Bild had contributed to Maaßen's downfall as head of the Office for the Protection of the Constitution (BvF) because it was in an interview with the newspaper that the former spy chief had first made the comments about Chemnitz.

The news organization attacked the latest move by Merkel's grand coalition, a loveless power pact that governs with only a narrow majority after losing millions of votes to the far-right AfD party in last year's elections.

In an editorial on Wednesday, the newspaper said: "This was never about Maaßen. It was about power and the gigantic egos in a floundering grand coalition that is no longer capable of anything truly grand."

Meanwhile, in an opinion piece, the Süddeutsche Zeitung blasted the "absurd" actions taking place in German politics right now. "The resolution strengthens those who regard officials and elected officials as at best outrageous and, in the worst case, indecent," it said.

Die Zeit said the message being sent by the government's promotion of Maaßen was "unsettling".

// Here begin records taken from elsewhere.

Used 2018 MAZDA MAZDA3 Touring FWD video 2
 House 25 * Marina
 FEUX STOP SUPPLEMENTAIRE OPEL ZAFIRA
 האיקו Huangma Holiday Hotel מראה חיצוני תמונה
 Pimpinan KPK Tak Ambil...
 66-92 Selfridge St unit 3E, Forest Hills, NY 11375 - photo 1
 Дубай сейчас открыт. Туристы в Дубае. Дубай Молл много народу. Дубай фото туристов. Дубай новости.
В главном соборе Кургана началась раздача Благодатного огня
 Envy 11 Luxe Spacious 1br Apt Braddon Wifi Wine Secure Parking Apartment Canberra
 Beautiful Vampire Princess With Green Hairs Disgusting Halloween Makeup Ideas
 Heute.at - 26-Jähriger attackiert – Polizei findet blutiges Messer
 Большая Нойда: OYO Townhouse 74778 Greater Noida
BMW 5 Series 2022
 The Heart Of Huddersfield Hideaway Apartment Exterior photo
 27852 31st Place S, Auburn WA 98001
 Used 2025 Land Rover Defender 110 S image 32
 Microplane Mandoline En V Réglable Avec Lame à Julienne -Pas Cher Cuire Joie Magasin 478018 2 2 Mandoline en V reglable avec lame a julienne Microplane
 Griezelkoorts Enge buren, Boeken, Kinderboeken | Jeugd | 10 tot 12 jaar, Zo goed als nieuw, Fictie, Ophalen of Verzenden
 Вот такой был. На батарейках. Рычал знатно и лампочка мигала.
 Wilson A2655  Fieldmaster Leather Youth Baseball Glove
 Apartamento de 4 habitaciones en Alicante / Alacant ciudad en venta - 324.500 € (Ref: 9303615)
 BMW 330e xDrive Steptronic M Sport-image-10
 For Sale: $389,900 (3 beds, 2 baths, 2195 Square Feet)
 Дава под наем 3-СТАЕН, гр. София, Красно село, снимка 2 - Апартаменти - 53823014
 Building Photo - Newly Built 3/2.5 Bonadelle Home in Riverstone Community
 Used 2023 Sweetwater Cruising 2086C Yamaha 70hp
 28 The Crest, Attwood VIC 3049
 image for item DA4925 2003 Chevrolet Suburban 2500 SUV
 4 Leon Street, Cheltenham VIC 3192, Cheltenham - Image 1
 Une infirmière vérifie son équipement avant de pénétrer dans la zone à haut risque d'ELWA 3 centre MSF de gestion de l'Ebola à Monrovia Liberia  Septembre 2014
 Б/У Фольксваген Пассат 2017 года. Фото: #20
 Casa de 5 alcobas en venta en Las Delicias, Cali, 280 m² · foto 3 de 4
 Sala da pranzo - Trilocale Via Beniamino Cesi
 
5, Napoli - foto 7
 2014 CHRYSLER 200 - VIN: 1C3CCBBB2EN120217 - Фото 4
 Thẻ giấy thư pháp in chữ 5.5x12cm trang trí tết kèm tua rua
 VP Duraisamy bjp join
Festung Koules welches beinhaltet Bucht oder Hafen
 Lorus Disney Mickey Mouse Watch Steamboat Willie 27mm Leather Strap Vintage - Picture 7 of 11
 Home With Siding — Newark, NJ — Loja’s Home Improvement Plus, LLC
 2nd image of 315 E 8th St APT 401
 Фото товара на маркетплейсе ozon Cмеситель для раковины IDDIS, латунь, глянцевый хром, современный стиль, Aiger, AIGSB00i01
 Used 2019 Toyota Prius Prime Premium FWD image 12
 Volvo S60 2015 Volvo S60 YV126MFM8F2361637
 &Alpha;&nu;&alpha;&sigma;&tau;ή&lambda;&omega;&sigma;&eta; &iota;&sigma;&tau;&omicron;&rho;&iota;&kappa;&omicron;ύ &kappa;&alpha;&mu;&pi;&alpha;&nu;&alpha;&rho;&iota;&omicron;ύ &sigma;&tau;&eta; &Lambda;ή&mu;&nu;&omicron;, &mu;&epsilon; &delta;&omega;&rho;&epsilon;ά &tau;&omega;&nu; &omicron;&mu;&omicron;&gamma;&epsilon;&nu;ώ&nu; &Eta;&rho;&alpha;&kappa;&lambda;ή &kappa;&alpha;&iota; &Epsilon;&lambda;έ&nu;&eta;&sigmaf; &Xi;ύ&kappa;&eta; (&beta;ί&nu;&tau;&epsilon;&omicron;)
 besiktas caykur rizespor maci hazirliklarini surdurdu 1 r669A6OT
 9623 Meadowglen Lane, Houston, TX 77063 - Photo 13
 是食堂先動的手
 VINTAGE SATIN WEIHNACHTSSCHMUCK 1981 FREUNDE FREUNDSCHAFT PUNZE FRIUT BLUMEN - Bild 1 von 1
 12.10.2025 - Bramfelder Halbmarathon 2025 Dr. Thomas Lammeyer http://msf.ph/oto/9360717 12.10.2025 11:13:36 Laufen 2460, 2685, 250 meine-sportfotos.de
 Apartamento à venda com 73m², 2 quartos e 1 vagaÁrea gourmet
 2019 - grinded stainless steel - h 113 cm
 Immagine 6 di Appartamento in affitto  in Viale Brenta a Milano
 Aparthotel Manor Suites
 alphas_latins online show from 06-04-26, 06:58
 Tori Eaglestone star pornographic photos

The newspaper said Maaßen was "a man who has triggered a unique crisis of trust, government and credibility" and that he "should not be given a leadership position" in the Interior Ministry. 

Similar criticism rained down from opposition parties the Greens, Free Democrats and Die Linke, but also from within the deeply divided centre-left Social Democrats (SPD), Merkel's junior coalition partner, which had led the charge against Maaßen.

The heated row centres on the xenophobic street violence that shook the ex-communist city of Chemnitz in late August, following the late-night stabbing death of a German man in which the chief suspects are an Iraqi and a Syrian.

Merkel had deplored how racist thugs then "hunted" people of foreign appearance, but Maaßen  later contradicted her by suggesting that video footage of the unrest was fake and questioning whether any "hunts" had indeed taken place.

Maaßen' comments were cheered by far-right anti-immigration groups but sparked anger from all other parties, which only appeared to intensify after Tuesday's compromise deal.